The same senate some few years later, when the Roman power was almost broken by the defeat at Cannae, sent reinforcements to the army in Spain; and, when Hannibal was with his army at the Capene Gate, they ensured that the site of his camp should sell for no less, than if the Carthaginians were not occupying it. By acting thus in adversity, what else did they do, but compel Fortune, overcome with shame, to return to their side?

[7.11] L   It is a great jump to descend from the senate to the poet Accius. But that we may pass from him more reasonably to foreign examples, let us produce him. When Julius Caesar, a great and powerful man, came into the college of poets, he would not so much as rise. He was  not forgetful of Caesar's  authority, but he believed himself superior in comparison of their literary studies. And therefore he was not guilty of the crime of insolence, seeing the contest was about books, not statues.


[7e.1] L   Nor was Euripides to be accounted insolent at Athens, who, when the people required him to remove a sentence from a certain tragedy, appeared upon the stage, and told them that he composed plays to teach them, not by them to be taught. Such confidence is certainly to be praised, which weighing a man's worth, arrogates so much to itself, as to keep distant from contempt and insolence.

Thus his answer can be approved, which he gave to Alcestis the tragic poet, who taunted him, because he had not been able to compose more than three verses in the last three days, and that with a great deal of labour too, while the other boasted that he had easily written a hundred lines. "The reason is," said Euripides, "because yours are only to last three days, and mine are to last for eternity." For the fluent writing of the one, perished within the first bounds of memory; but the polished and constant style of the other will be carried through all ages upon the wings of time.

[7e.2] L   I will add another example from the stage. Antigenidas the musician in everyone's hearing said to one of his pupils, who was  outstanding in his art but not approved by the people, "Sing to me and the Muses. " For perfect art, even if it lacks the flattery of Fortune, should not therefore lack a just confidence in itself. Because it knows that it deserves praise, if it does not receive it from others, it should be content with its own opinion.

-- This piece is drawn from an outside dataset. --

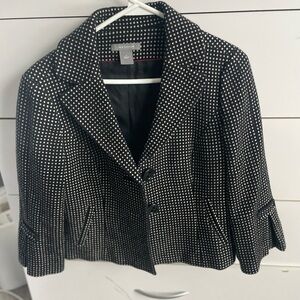 Ann Taylor women’s cropped blazer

[7e.3] L   But Zeuxis having painted Helen, did not think it fitting to await what men would say of his work, but presently added to it these verses: "I cannot blame the man that for her strives, Like an immortal god she is - " { Homer, Iliad, 3.156 } So did not the painter claim so much for his art, that he had drawn such beauty, as Leda might assume through her celestial birth, or Homer express by his divine wit?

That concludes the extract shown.